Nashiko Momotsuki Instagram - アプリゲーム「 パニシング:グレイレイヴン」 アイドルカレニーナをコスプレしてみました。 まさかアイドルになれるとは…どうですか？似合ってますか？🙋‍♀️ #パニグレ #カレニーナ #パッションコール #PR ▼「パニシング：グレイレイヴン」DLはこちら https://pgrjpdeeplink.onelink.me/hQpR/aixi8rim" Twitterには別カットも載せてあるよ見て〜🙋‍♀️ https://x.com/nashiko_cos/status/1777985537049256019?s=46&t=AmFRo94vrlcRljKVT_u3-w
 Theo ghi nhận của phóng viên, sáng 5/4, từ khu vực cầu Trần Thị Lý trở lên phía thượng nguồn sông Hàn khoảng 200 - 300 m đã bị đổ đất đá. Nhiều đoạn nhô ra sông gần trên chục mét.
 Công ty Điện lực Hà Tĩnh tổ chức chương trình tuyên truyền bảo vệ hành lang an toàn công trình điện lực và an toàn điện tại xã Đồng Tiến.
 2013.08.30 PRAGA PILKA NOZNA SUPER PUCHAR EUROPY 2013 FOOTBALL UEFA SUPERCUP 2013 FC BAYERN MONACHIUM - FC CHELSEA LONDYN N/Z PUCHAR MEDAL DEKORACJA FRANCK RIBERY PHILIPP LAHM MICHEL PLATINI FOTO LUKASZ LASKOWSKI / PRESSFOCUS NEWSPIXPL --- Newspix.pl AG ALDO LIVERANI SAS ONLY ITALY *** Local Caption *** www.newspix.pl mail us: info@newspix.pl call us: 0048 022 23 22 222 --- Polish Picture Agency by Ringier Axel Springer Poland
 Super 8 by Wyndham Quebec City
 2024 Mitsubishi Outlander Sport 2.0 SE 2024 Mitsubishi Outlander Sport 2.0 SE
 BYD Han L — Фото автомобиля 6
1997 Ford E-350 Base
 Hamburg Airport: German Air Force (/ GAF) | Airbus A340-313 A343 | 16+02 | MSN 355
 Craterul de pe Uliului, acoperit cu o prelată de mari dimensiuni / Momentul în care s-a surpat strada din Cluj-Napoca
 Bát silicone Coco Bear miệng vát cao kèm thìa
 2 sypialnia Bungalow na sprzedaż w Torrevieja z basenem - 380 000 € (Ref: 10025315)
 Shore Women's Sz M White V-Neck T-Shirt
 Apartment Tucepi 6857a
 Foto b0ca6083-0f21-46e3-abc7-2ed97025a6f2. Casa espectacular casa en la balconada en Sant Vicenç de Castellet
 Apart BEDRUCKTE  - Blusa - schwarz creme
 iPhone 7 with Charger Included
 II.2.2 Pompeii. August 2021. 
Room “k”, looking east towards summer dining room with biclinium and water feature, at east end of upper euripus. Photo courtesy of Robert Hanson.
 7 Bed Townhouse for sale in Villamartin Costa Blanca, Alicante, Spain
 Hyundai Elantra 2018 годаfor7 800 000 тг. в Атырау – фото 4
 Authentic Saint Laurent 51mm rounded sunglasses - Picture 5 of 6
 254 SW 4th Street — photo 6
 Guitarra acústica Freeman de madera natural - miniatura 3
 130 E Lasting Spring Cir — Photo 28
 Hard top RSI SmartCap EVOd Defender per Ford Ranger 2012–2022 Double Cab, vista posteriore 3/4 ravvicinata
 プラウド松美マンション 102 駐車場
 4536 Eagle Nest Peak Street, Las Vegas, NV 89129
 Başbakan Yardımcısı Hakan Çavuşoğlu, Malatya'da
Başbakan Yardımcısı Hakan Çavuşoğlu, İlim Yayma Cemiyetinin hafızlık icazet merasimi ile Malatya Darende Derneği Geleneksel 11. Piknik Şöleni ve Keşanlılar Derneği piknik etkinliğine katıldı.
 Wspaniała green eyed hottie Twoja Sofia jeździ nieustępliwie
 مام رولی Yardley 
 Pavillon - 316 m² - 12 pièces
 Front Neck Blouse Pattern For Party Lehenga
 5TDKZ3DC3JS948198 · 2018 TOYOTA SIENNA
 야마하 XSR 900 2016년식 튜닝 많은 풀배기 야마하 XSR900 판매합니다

----------------

◆ **What to work on**: Taking the line with "iPhone 7 with Charger Included" as the first and the line with "254 SW 4th Street — photo 6" as the last, retype that stretch of the data above exactly, with no other lines.

◆ **Solution to this problem**:
 iPhone 7 with Charger Included
 II.2.2 Pompeii. August 2021. 
Room “k”, looking east towards summer dining room with biclinium and water feature, at east end of upper euripus. Photo courtesy of Robert Hanson.
 7 Bed Townhouse for sale in Villamartin Costa Blanca, Alicante, Spain
 Hyundai Elantra 2018 годаfor7 800 000 тг. в Атырау – фото 4
 Authentic Saint Laurent 51mm rounded sunglasses - Picture 5 of 6
 254 SW 4th Street — photo 6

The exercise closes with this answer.